Dobbins didn’t have an explanation as to why NHDOT upper management hasn’t done more. He understands that higher wages are necessary to keep up with the increased cost of living, especially in parts of the state closer to Massachusetts. The state offers good benefits, but, as Dobbins said, “you can’t eat benefits.”

As in Colorado, NHDOT crews like their work and take great pride in making roads safe for family, friends and neighbors. They take it personally, according to Dobbins. But for those who have left for other jobs, it came down to salary.

“They also need to take a look at their own personal lives and what they’re giving their families, and that’s what they have to weigh,” Dobbins said. “I’ve never talked to anybody who has left that was really happy about leaving.”

Dobbins also said an aging workforce has contributed to his snowplow driver shortage, with many people retiring recently who had been there for decades.

NHDOT was able to make it through the past few winters without selling the public short. But, in the AASHTO survey, 25% of the respondents said they had made modifications to their levels of service, with 6% saying they were considering changes.

Other factors

Rick Nelson, AASHTO’s Snow and Ice Cooperative Program (SICOP) coordinator, told FreightWaves that wage gaps between state DOTs and county and local municipalities have also contributed to driver shortages.

“When the state establishes the pay scale, they’re establishing that pay scale on a statewide basis,” Nelson said. “A snowplow operator in a very congested urban area is going to make the same as a snow plow operator in a very remote area within a state.
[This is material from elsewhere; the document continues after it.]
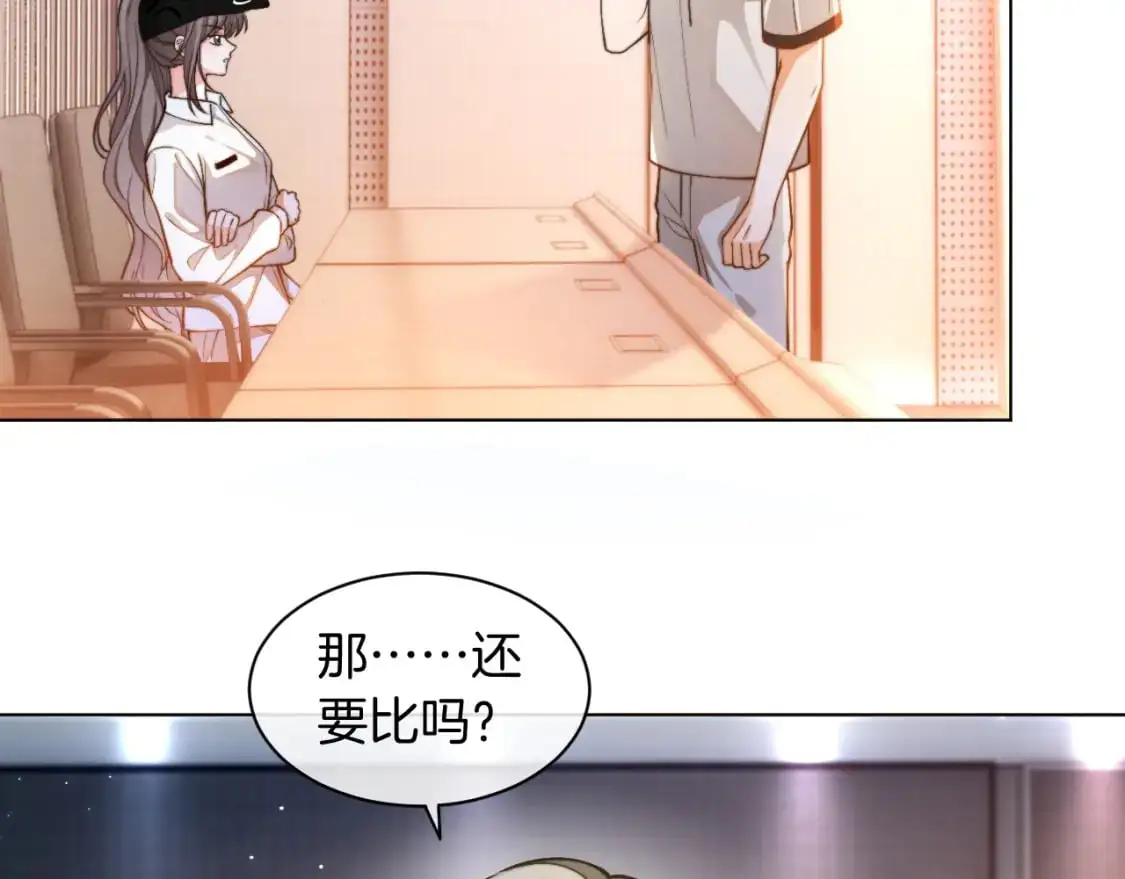 第229话 血虐！40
So, it’s hard for salaries to keep pace with different locations within a state.”

Some DOTs have leveraged equipment technology to help make up for the driver shortage. Colorado and New Hampshire use tow plows, a setup in which a truck pulls a trailer with a second plow mounted on its side. The trailer can be steered into the adjacent lane, so one truck can plow two lanes at a time.
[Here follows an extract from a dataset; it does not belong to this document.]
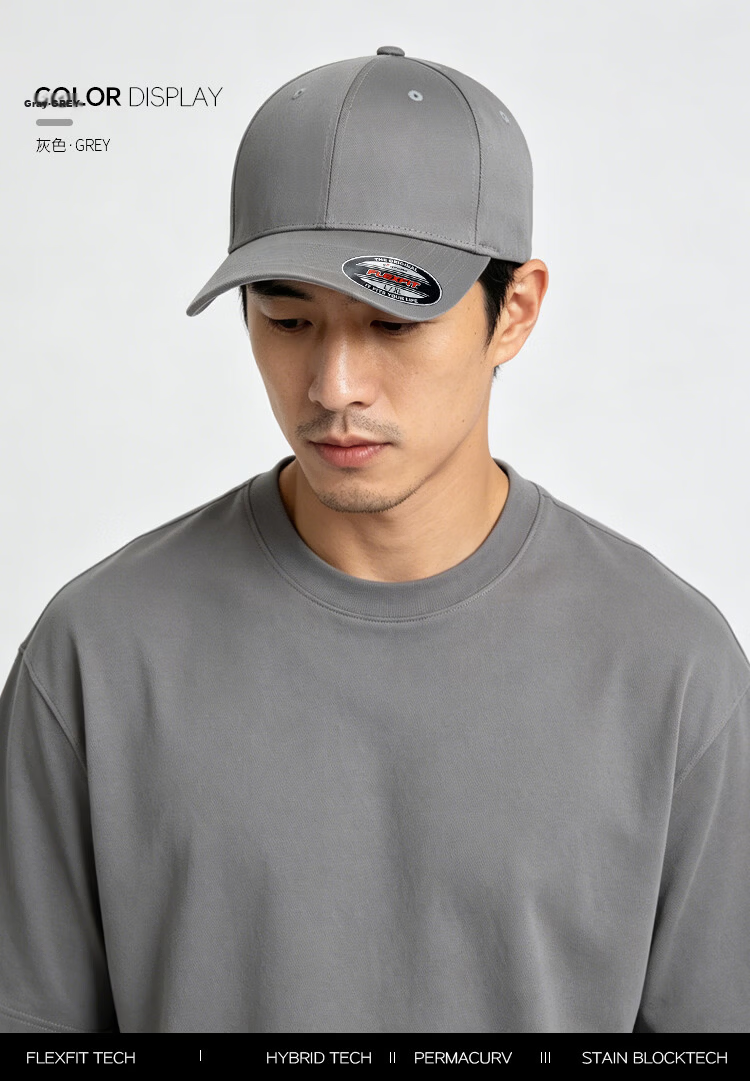 FLEXFIT Captain America Style Full-Coverage Large Head Baseball Cap Unisex High-Top Sun Protection Outdoor Casual Visor Hat 14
“You don’t really want them up on mountain passes with lots of curves and things like that. But where you can use them, they’ve become a force multiplier,” Nelson explained.
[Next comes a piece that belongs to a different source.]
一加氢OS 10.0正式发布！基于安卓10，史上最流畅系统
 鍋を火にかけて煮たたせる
(Photo: Jim Allen/FreightWaves)

Agencies have also installed road weather information systems along highways to fill in gaps where the National Weather Service has no observation sites. This gives DOTs real-time situational awareness to help determine whether they even have to send plow drivers to certain areas.

Nelson also said that many respondents had issues retaining new plow drivers. This has become a trend since states have been able to offer full CDL training, thanks to new rules set by the Federal Motor Carrier Safety Administration. In states not offering incentives to stay, younger drivers have been leaving for better-paying jobs at trucking companies once they earn their CDLs.

Other plow drivers have been leaving for traditional truck driving jobs out of frustration because they weren’t utilizing their CDL skills except during winter. They spend most of their summers filling potholes and cracks, as well as repairing guardrails.

“To say, OK, you’re only going to be driving a truck half the time out of the year and the other half of the time you’re going to be doing laborer work with the DOT … it’s kind of a difficult situation,” Nelson said.